We used a fact about connected planar graphs; counting \(V\) vertices, \(E\) edges, and \(F\) faces (regions of the plane bounded by edges and vertices, including the infinitely-large exterior face outside our graph), we always have \(V-E+F=2\). Or \(V-E+F=1\) if you don’t count the exterior face.
This can be proved by induction (that’s a proof technique that’s covered in A-level Maths / Further Maths). As you add in edges, they either connect to the existing graph (in which case the number of faces doesn’t change, but the number of vertices and edges each go up by 1), or they connect two existing vertices (in which case the number of faces and edges each go up by 1). Either way, the value of \(V-E+F\) doesn’t change, so for any planar graph the value is the same as it would be for a graph that’s just one vertex with no edges at all; \(V=1\) and \(E=1\) and \(F=1\). (It’s important that I start with one vertex rather than nothing at all, because I want to say that any new edge always connects to something that was already there).

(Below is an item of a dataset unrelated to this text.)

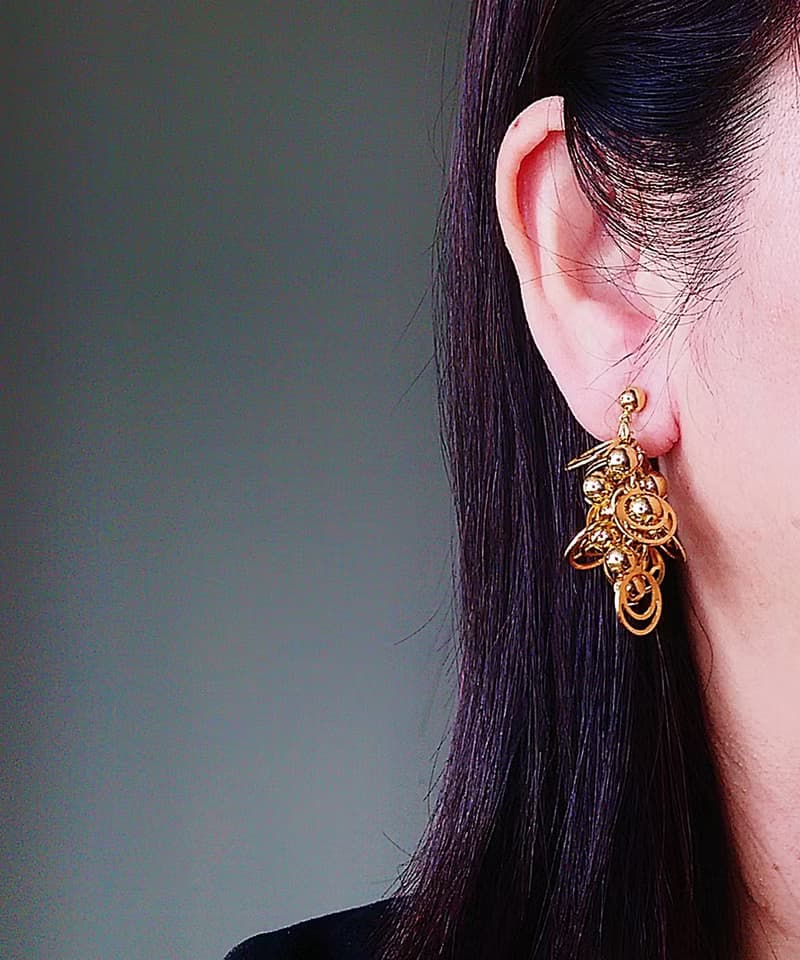 vintage jewelry  AVON 華麗金色星球環型吊飾 夾式耳環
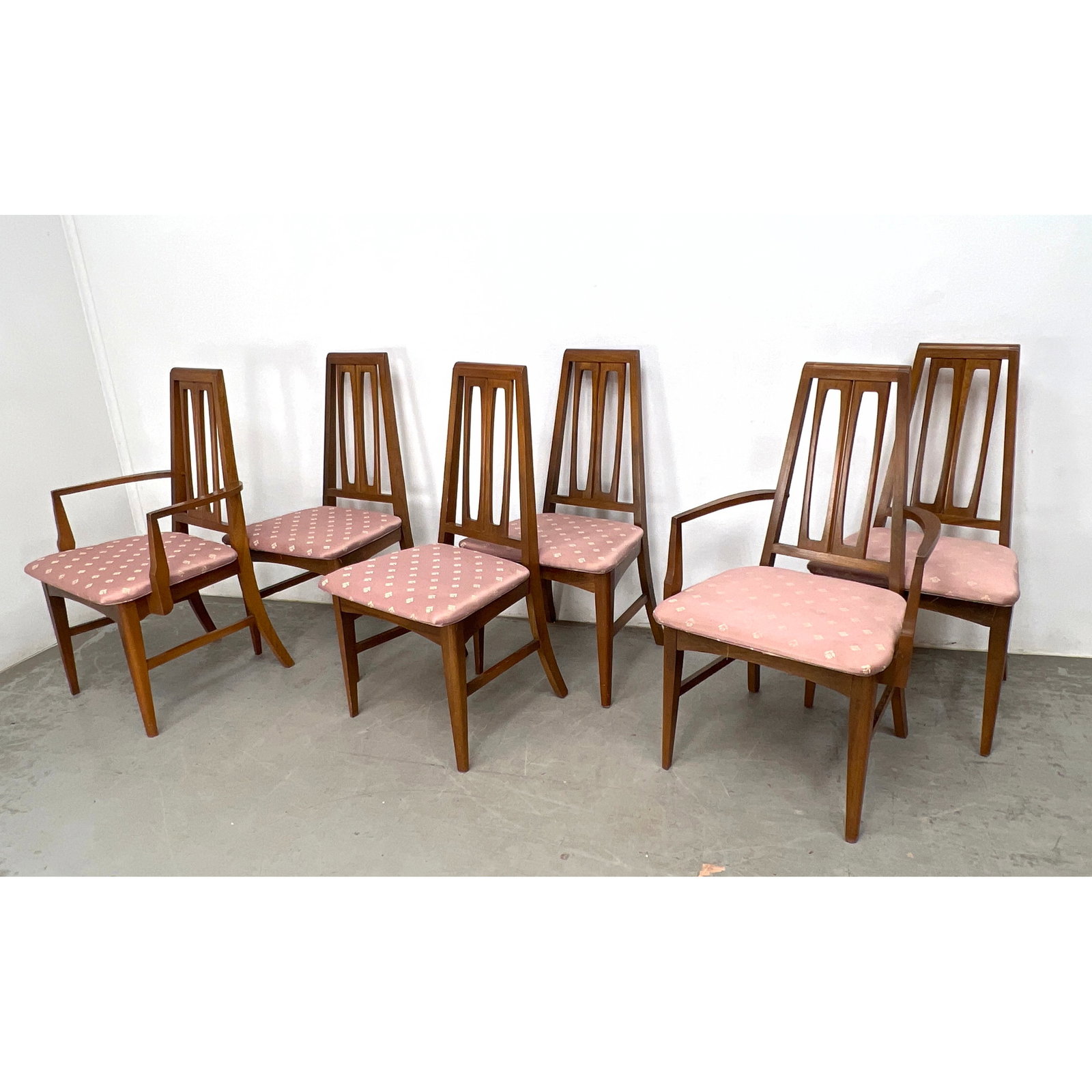 Set 6 Young Manufacturing Dining Chairs. American Modern.: Set 6 Young Manufacturing Dining Chairs. American Modern. Dimensions: Height: 38.5 inches, Width: 23 inches, Depth: 21 inches. - Seat Height: 18 inches ---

I think it’s cool that there’s such a simple formula that applies to all connected planar graphs. What’s even better though, is that there is also a version for surfaces in 3D. If you’ve ever built a 3D shape out of those plastic polygons, then your shape will obey this formula too. There is one extra term, to do with the number of “holes” in the shape. Not like a missing piece, but like a doughnut where the surface is unbroken, but loops around on itself. The formal term here is “genus” for the number of distinct loops or handles or holes. The formula, called the Poincaré formula, is \(V-E+F=2-2G\) where \(G\) is the genus.
Primitive lattice triangles have area one-half
There's a neat little proof of this fact summarised on Wikipedia as follows; take any primitive lattice triangle and tile the plane with it (it’s not immediately obvious that this is possible, but there's a diagram!). The way to do this is to first build a parallelogram out of two copies of your triangle, and then tile the plane with that parallelogram pretty much in the way that you would tile the plane with squares or rectangles, all aligned the same way as each other. Now step back and look at a large tiled area and think about how many triangles you’ve used. Since six triangles meet at any lattice point and triangles have three corners, you've used about twice as many triangles as there are lattice points in that large area. But there is one lattice point per unit area (if this isn’t clear, imagine tiling the plane with squares instead). So the triangles have area one-half.
Pick’s theorem on Wikipedia has some diagrams of 3D shapes, showing that there isn’t a nice simple formula. The Wikipedia page links to two research papers about a not-simple way to extend Pick’s theorem to higher dimensions, both of which are too advanced for me!